This guide assumes a working Windows R and RStudio installation. It involves creating a .dll file that can be loaded in and R package and allows performing matrix multiplication on the GPU in Windows.

Installing Visual Studio and the CUDA toolkit

Download and install Visual Studio Community 2022 from https://visualstudio.microsoft.com/.
Install the latest Windows CUDA Toolkit from https://developer.nvidia.com/cuda-toolkit (12.4 at the time of writing, the rest of this guide will assume version 12.4 was installed). Make sure that Visual Studio 2022 integration is installed as well. Installing GPU drivers is not required.
Running nvcc --version in a powershell window should indicate that the CUDA toolkit is installed, as well as which version.

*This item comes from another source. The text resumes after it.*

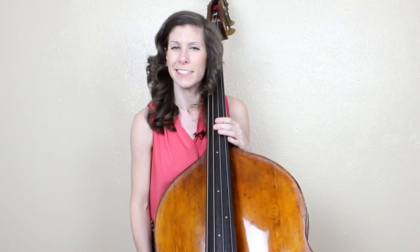Hey guys, it's Lauren with Discover Double Bass. Today I wanted to teach you one of my favorite solos in orchestral repertoire, the bass solo from Mahler Symphony One. Now this is a really common solo — you hear this all the time in orchestral auditions — but I love it, I never get tired of it, and so in this lesson I'm going to teach it to you.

Creating a Visual Studio project

Launch Visual Studio 2022. Go through any initial setup steps if required.
Click create a new project. At this point the CUDA 12.4 Runtime template should be visible, indicating that Visual Studio integration was correctly installed. Do not select this template, however.
Search for and select the Windows Desktop Wizard template. Click Next.
Choose a suitable project name. For this example we will use RCUDA. Leave the other settings on their default values and click Create.
In the window that opens, select Dynamic Link Library (.dll) under Application type. Also check the Empty project box. Click OK.

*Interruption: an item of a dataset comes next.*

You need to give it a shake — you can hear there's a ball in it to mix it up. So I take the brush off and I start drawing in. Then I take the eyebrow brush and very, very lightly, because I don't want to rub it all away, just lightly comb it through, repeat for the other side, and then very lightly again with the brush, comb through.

Configuring the Visual Studio project

In the solution explorer, right-click the project name and go to Build Dependencies > Build Customizations…. Check the box for the CUDA 12.4(.target, .props) Build Customization File. Click OK.
In the solution explorer, right-click the project name again and open Properties.
Go to the Linker menu and Input sub-menu. If required, additional CUDA dependencies (such as cufft.lib) can be added on the Additional Dependencies line. For this example, we only need the CUDA runtime libraries which are already present. Click Cancel.
In the solution explorer, right-click source files and go to Add > New Item…. If the templates are not visible, click Show All Templates. Make sure the C++ File (.cpp) template is selected.
Enter a suitable filename at the bottom of the window, followed by the .cu file extension. For example, RCUDA_source.cu. The default location is fine. Click Add.
Right-click the created source file in the solution explorer and open Properties. Make sure the Item Type is set to CUDA C/C++. Close the Properties window.
Right-click the project name again and go to Properties. Go to the CUDA C/C++ menu and the Common sub-menu. Set the CUDA Runtime option to Shared/dynamic CUDA runtime library (-cudart shared) and click OK.

CUDA source code

Copy the CUDA source code below into the RCUDA_source.cu file.

The code contains a number of things. It starts with including some required header files before defining the function getDeviceProperties() that returns some GPU device properties. It then defines a fixed CUDA thread block size and structs for single (FP32) and double (FP64) precision matrices. It then specifies two CUDA kernels (device code) for simple FP32 and FP64 matrix multiplication on the GPU that does not use shared memory (see the CUDA C++ Programming Guide, section 3.2.4 Shared memory). We then specify two host code functions for the two precisions. These functions will be called from an R wrapper function and take care of copying the input matrices to the GPU (device), allocating GPU memory for the resulting matrix, and copying the resulting matrix back to the host (CPU) which allows R to access it.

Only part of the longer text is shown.